* WORKING DATA:
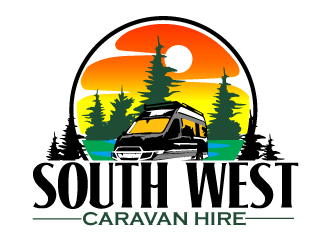 South West Caravan Hire  logo design by ElonStark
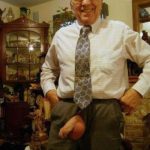 Me-and-my-penis papa suit cock out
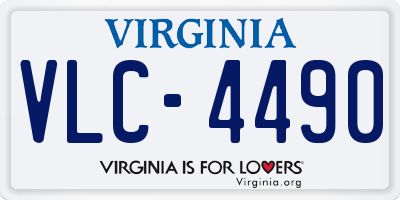 VA license plate VLC4490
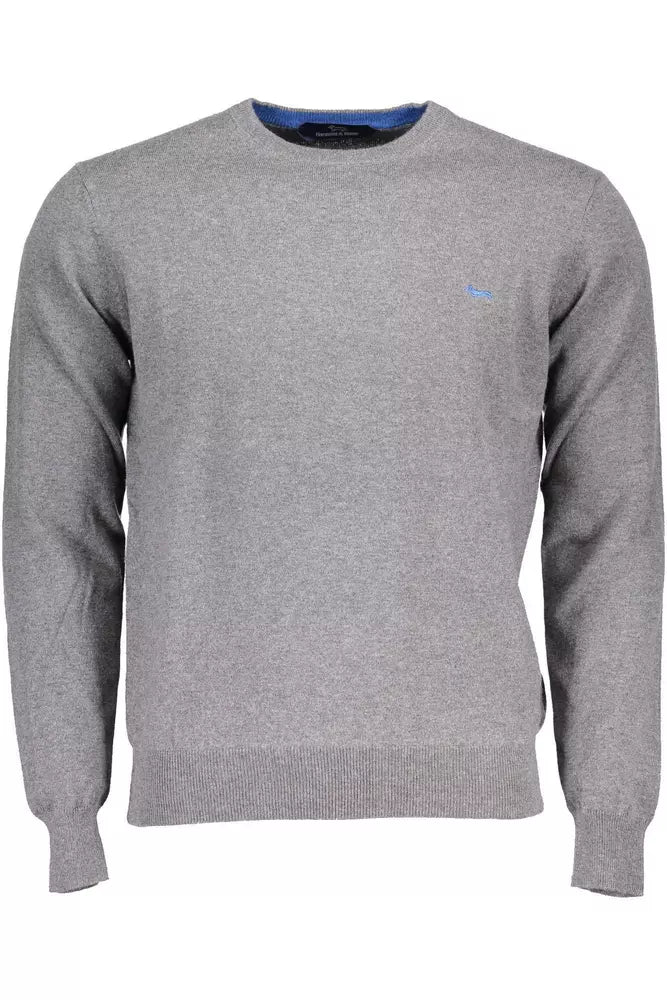 Harmont & Blaine Gray Cotton Men Sweater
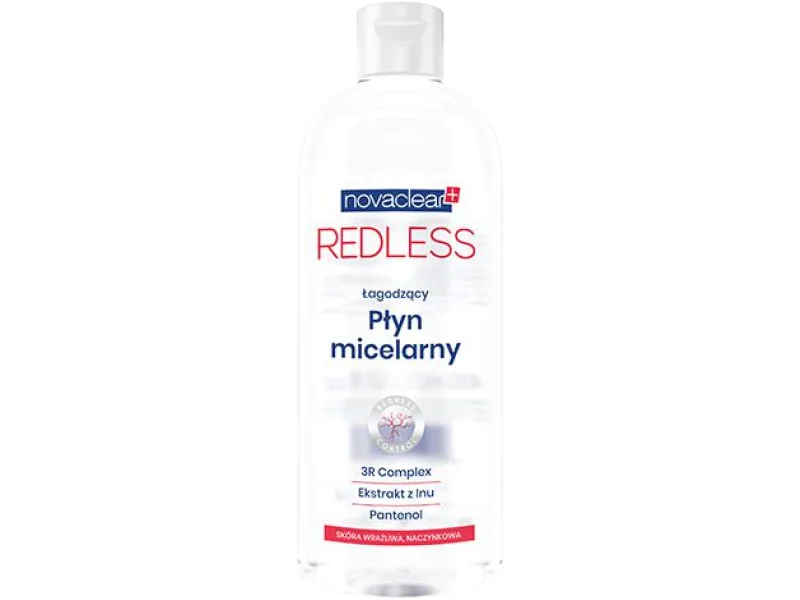 Novaclear Redless łagodzący micelarny, płyn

* WHAT IS NEEDED:
Each entry is to be given again exactly as it stands, with its pictures removed.

* ANSWER SECTION:
 South West Caravan Hire  logo design by ElonStark
 Me-and-my-penis papa suit cock out
 VA license plate VLC4490
 Harmont & Blaine Gray Cotton Men Sweater
 Novaclear Redless łagodzący micelarny, płyn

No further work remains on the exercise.